Quiero comenzar esta columna con un silogismo falso que resume los logros y los extravíos de la lucha antidroga, con un raciocinio que ilustra, una vez más, la sucesión de batallas ganadas en una guerra perdida.La primera premisa del silogismo es verdadera: las Farc son una organización clave en el negocio de la droga: en el cultivo, la producción y la comercialización de cocaína. La segunda premisa también es inobjetable: las Farc están debilitadas y podrían ser derrotadas. Pero las premisas anteriores no permiten concluir que el debilitamiento (o la caída) de las Farc significa la reducción (o la erradicación) del negocio de la droga. El narcotráfico es importante para las Farc. Pero las Farc son irrelevantes para el narcotráfico. Esa es la lógica del negocio.

El año 2007 fue el peor año en la historia reciente de las Farc. La muerte de varios cabecillas y la deserción de miles de sus miembros señalan su debilitamiento progresivo. Y tal vez definitivo. Pero el año 2007 fue tal vez el peor año en la guerra contra las drogas desde el escalamiento de la ofensiva antiguerrillera. La producción de cocaína probablemente cayó. Pero la caída fue compensada por las innovaciones en el transporte. Los decomisos de cocaína que hace la Armada de los Estados Unidos disminuyeron abruptamente el año anterior. Los decomisos habían aumentado de manera continua desde el año 2003, llegaron a 160 toneladas en 2006 y cayeron a 100 toneladas en 2007. “Los ‘malos’ se están moviendo más rápido que nosotros”, afirmó a mediados de mes un alto oficial de la Armada de los Estados Unidos. El jefe del Comando Sur, Jim Stavridis, fue más evasivo: “en un guerra de ofensa y defensa —dijo— hay que ajustar las tácticas permanentemente”. En esta guerra, en particular, hay que moverse todo el tiempo para permanecer en el mismo sitio.

Uno podría, como hizo el zar antidrogas, John Walters, en Medellín, tratar de echarle la culpa a Chávez. Pero las causas del fracaso son más complejas. Y más interesantes. La guerra contra las drogas está a punto de entrar en su fase submarina. Varios oficiales del gobierno de los Estados Unidos señalan que el fracaso reciente obedece en buena medida a la proliferación de “naves semisumergibles” que pueden transportar hasta 20 toneladas de cocaína prensada. En un patio de las oficinas centrales del Comando Sur, Stavridis decidió instalar una réplica de un submarino hechizo, construida por los investigadores de la Armada en un esfuerzo desesperado por entender la innovación artesanal que ha hecho de su guerra una empresa imposible.

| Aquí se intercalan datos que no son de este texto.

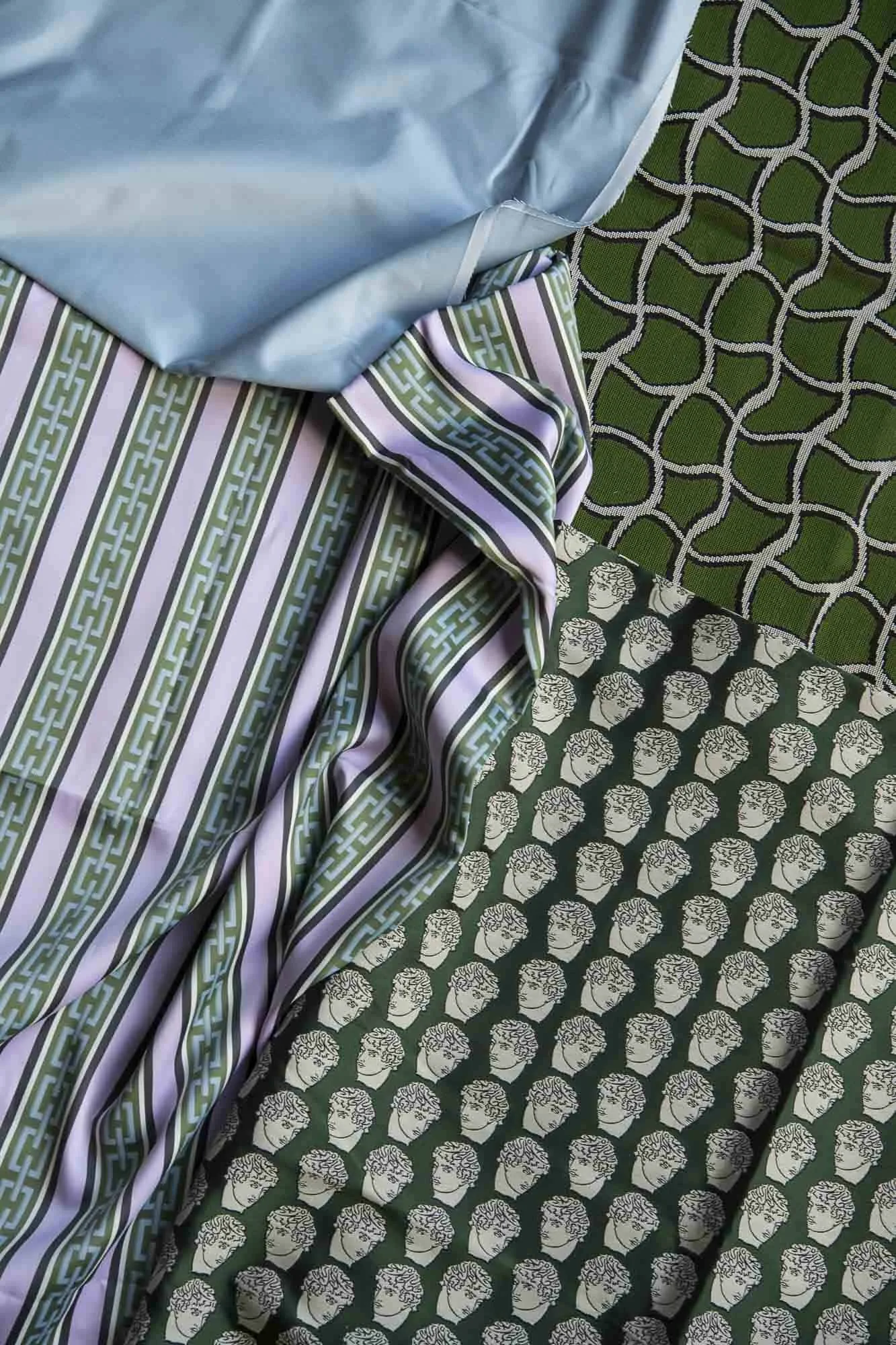 A close-up photo of multiple patterned fabrics with various colors and designs, layered together.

Pero la innovación es sólo parte de la historia. Los submarinos también necesitan tripulantes: jóvenes dispuestos a arriesgar su vida en una aventura submarina por dos o tres mil dólares. En meses pasados, el diario estadounidense Los Angeles Times recogió el testimonio de un oficial de la Armada Nacional que interceptó un submarino cargado con droga en mar abierto. Cuando los periodistas le pidieron que describiera a los tripulantes, el oficial simplemente dijo: “están locos”. Pero la locura descrita (el arrojo de los tripulantes) es una forma corriente de la ambición. O de la desesperación. Es, en todo caso, inagotable.

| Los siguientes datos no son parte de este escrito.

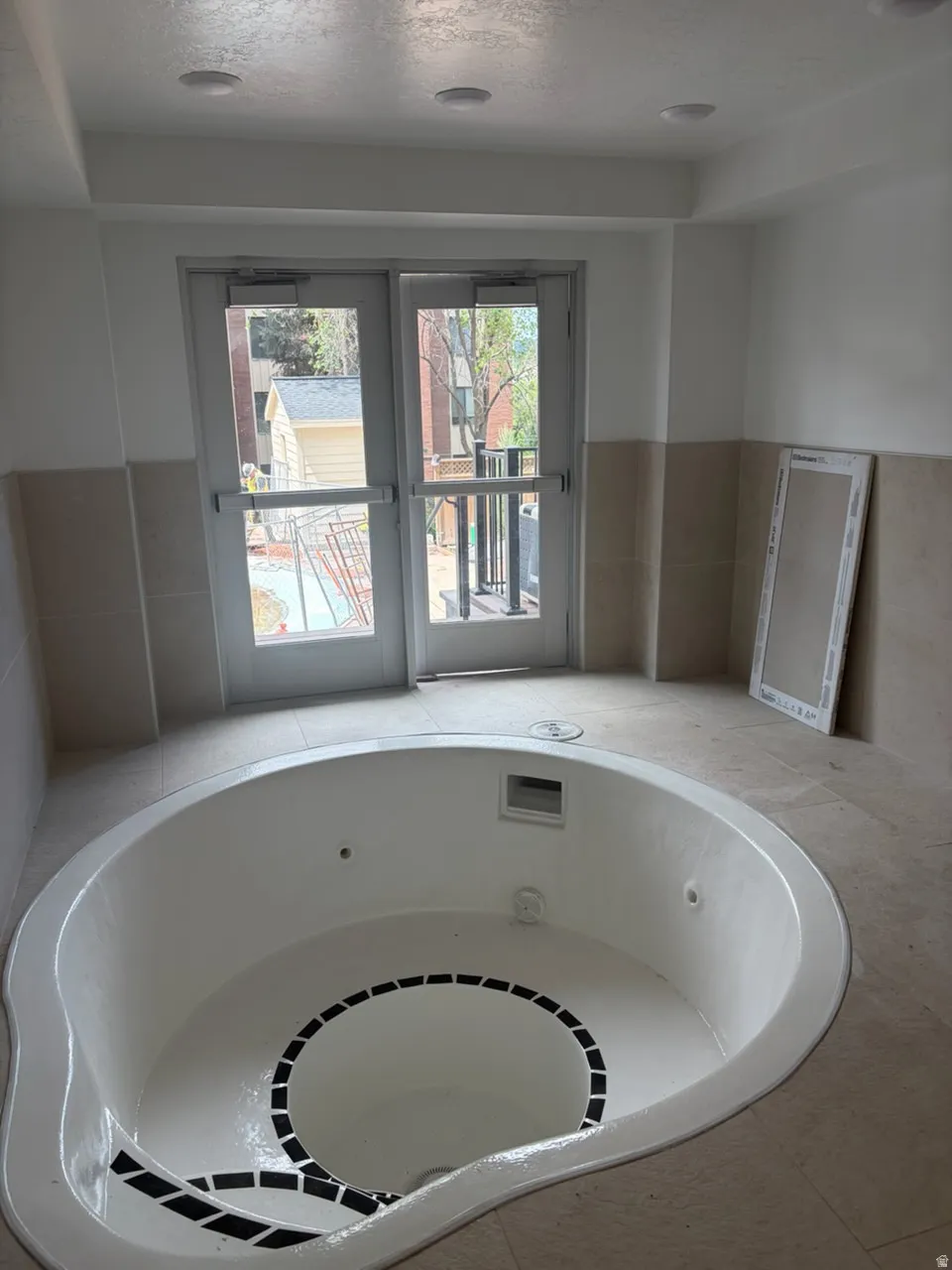 Built-in soaking tub with black accent tile, surrounded by neutral-toned floor tile and wainscoting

Colombia, en últimas, debe prepararse para el futuro del narcotráfico después de la derrota (o de la transformación) de las Farc. Como ocurrió con una buena parte de los paramilitares, muchos frentes guerrilleros se convertirán en bandas independientes de narcotraficantes. En grupos armados dedicados a supervisar el cultivo de coca y la producción de cocaína. En proveedores de quienes controlan la flotilla de submarinos. En suma, el marchitamiento de las Farc no representa el fin del narcotráfico. Representa solamente un cambio en las formas de lucha de los narcotraficantes.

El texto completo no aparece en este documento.